High STAT5 levels mediate imatinib resistance and indicate disease progression in chronic myeloid leukemia.

ABSTRACT

In BCR-ABL1(+) leukemia, drug resistance is often associated with up-regulation of BCR-ABL1 or multidrug transporters as well as BCR-ABL1 mutations. Here we show that the expression level of the transcription factor STAT5 is another parameter that determines the sensitivity of BCR-ABL1(+) cells against tyrosine kinase inhibitors (TKIs), such as imatinib, nilotinib, or dasatinib. Abelson-transformed cells, expressing high levels of STAT5, were found to be significantly less sensitive to TKI-induced apoptosis in vitro and in vivo but not to other cytotoxic drugs, such as hydroxyurea, interferon-ß, or Aca-dC. The STAT5-mediated protection requires tyrosine phosphorylation of STAT5 independent of JAK2 and transcriptional activity.

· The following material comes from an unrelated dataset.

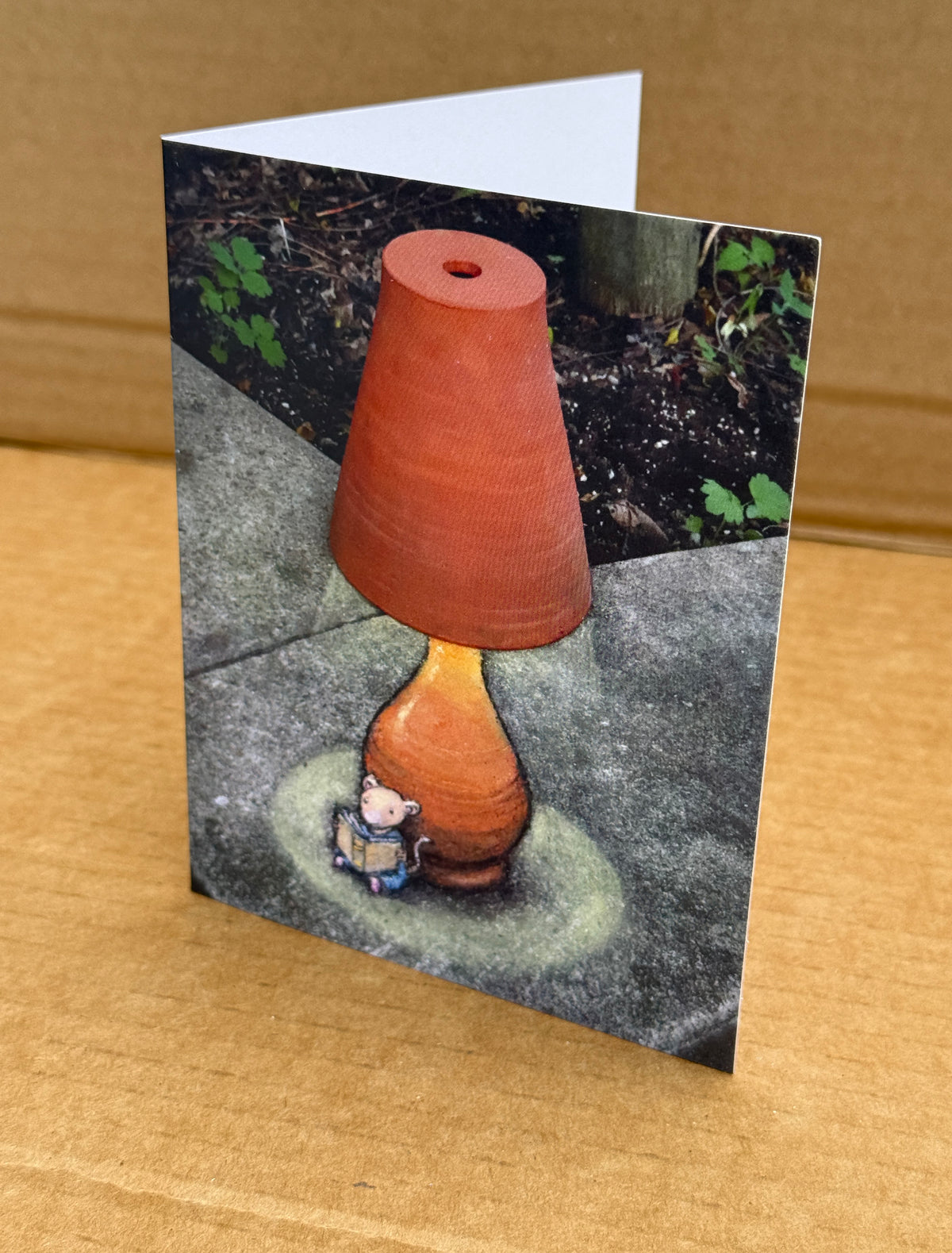 A folded greeting card standing upright on a cardboard background. The card features a whimsical illustration of a chalk drawing of a lamp with an overturned flower pot as its shade, with a small mouse sitting at the base reading a book.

In support of this concept, under imatinib treatment and with disease progression, STAT5 mRNA and protein levels increased in patients with Ph(+) chronic myeloid leukemia. Based on our data, we propose a model in which disease progression in BCR-ABL1(+) leukemia leads to up-regulated STAT5 expression. This may be in part the result of clonal selection of cells with high STAT5 levels. STAT5 then accounts for the resistance against TKIs, thereby explaining the dose escalation frequently required in patients reaching accelerated phase. It also suggests that STAT5 may serve as an attractive target to overcome imatinib resistance in BCR-ABL1(+) leukemia.